The data START
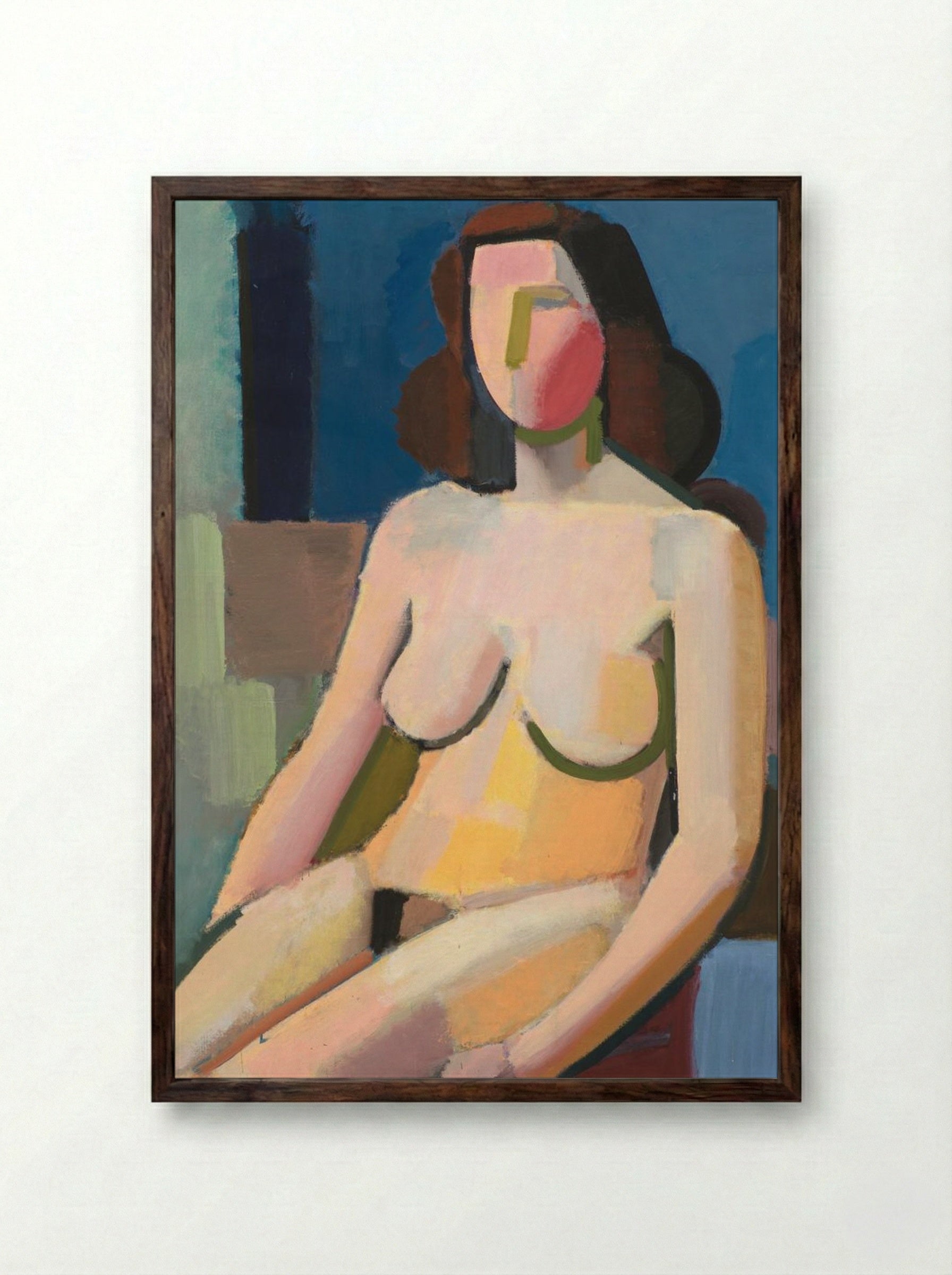 Seated Female Model - Vilhelm Lundstrøm - Framed Print Dark Wood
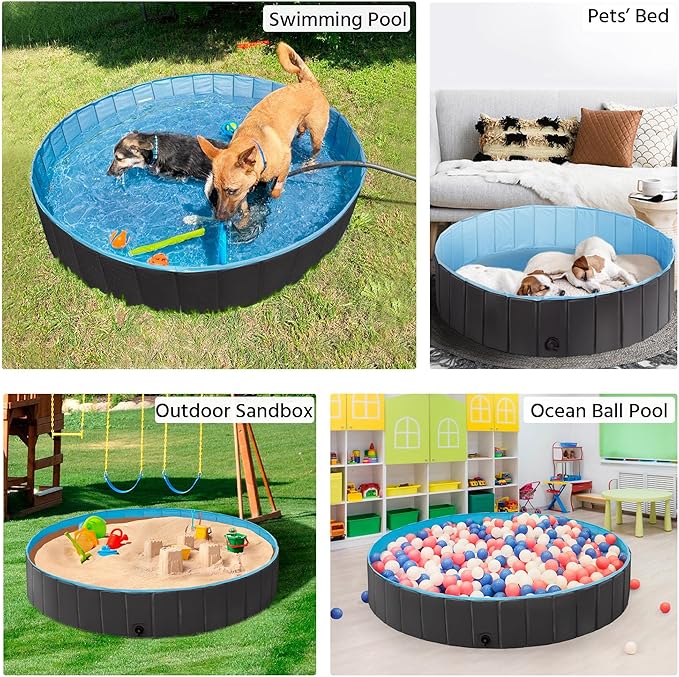 Yaheetech Black Hard Plastic Dog Pools for Small Medium Large Dogs Puppies Pet Collapsible Bath Pool Tub for Outdoor/Home Use, Pet Repair Patches Included, XL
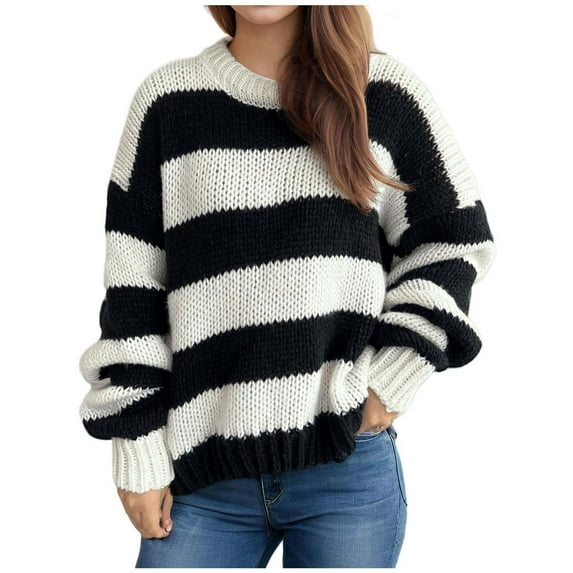 Ltctricy Women's Fall Sweater Winter Warm Soft Knitted Loose Pullover Tops Casual Striped Comfy Crewneck Shirts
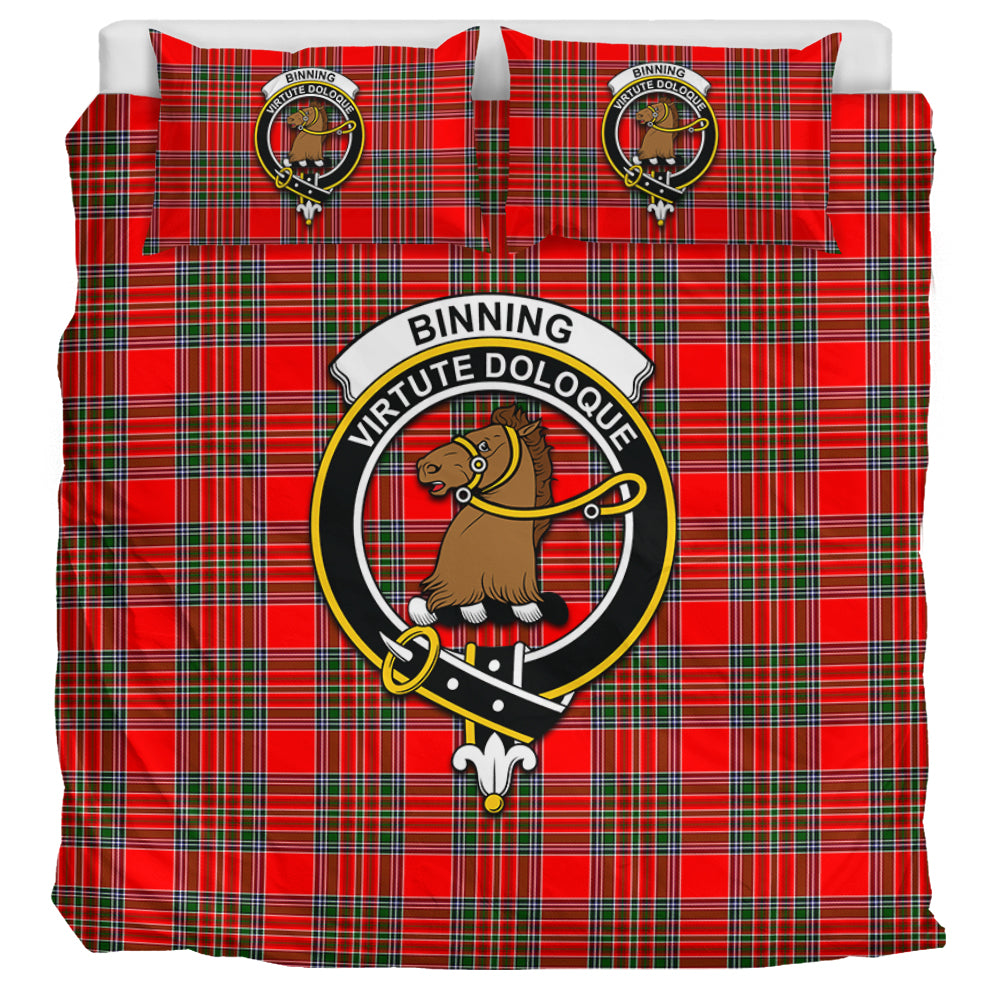 Binning Tartan Bedding Set with Family Crest UK Bedding Set UK Super King 104*94 inch - Tartan Vibes Clothing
The data END
Action item:
Retype each line above exactly. Leave the images out.

Task solution:
 Seated Female Model - Vilhelm Lundstrøm - Framed Print Dark Wood
 Yaheetech Black Hard Plastic Dog Pools for Small Medium Large Dogs Puppies Pet Collapsible Bath Pool Tub for Outdoor/Home Use, Pet Repair Patches Included, XL
 Ltctricy Women's Fall Sweater Winter Warm Soft Knitted Loose Pullover Tops Casual Striped Comfy Crewneck Shirts
 Binning Tartan Bedding Set with Family Crest UK Bedding Set UK Super King 104*94 inch - Tartan Vibes Clothing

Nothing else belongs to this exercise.